━━ INPUT RECORDS ━━

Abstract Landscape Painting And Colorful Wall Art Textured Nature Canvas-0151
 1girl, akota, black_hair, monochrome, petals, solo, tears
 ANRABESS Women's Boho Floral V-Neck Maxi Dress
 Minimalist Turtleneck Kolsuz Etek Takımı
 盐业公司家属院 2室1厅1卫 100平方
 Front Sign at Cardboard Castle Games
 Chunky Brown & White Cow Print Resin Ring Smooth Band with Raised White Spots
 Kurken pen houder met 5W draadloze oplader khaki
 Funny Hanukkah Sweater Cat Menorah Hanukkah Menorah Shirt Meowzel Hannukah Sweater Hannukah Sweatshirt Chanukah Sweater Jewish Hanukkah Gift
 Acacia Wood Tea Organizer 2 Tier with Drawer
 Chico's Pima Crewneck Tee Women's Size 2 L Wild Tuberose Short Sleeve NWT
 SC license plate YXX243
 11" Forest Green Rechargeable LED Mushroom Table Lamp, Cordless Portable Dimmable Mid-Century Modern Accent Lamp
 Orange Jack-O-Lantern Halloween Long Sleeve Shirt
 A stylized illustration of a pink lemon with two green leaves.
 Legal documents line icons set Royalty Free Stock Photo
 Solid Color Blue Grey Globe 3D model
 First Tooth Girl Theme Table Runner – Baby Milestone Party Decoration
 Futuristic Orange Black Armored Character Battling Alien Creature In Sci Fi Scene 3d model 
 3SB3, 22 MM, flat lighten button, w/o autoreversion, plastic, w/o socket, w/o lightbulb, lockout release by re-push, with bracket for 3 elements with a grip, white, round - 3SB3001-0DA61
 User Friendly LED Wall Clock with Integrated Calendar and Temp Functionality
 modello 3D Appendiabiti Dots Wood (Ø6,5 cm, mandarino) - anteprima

━━━

Your task is to repeat the records exactly. Begin at their first line and stop after the line containing "3SB3, 22 MM, flat".

Abstract Landscape Painting And Colorful Wall Art Textured Nature Canvas-0151
 1girl, akota, black_hair, monochrome, petals, solo, tears
 ANRABESS Women's Boho Floral V-Neck Maxi Dress
 Minimalist Turtleneck Kolsuz Etek Takımı
 盐业公司家属院 2室1厅1卫 100平方
 Front Sign at Cardboard Castle Games
 Chunky Brown & White Cow Print Resin Ring Smooth Band with Raised White Spots
 Kurken pen houder met 5W draadloze oplader khaki
 Funny Hanukkah Sweater Cat Menorah Hanukkah Menorah Shirt Meowzel Hannukah Sweater Hannukah Sweatshirt Chanukah Sweater Jewish Hanukkah Gift
 Acacia Wood Tea Organizer 2 Tier with Drawer
 Chico's Pima Crewneck Tee Women's Size 2 L Wild Tuberose Short Sleeve NWT
 SC license plate YXX243
 11" Forest Green Rechargeable LED Mushroom Table Lamp, Cordless Portable Dimmable Mid-Century Modern Accent Lamp
 Orange Jack-O-Lantern Halloween Long Sleeve Shirt
 A stylized illustration of a pink lemon with two green leaves.
 Legal documents line icons set Royalty Free Stock Photo
 Solid Color Blue Grey Globe 3D model
 First Tooth Girl Theme Table Runner – Baby Milestone Party Decoration
 Futuristic Orange Black Armored Character Battling Alien Creature In Sci Fi Scene 3d model 
 3SB3, 22 MM, flat lighten button, w/o autoreversion, plastic, w/o socket, w/o lightbulb, lockout release by re-push, with bracket for 3 elements with a grip, white, round - 3SB3001-0DA61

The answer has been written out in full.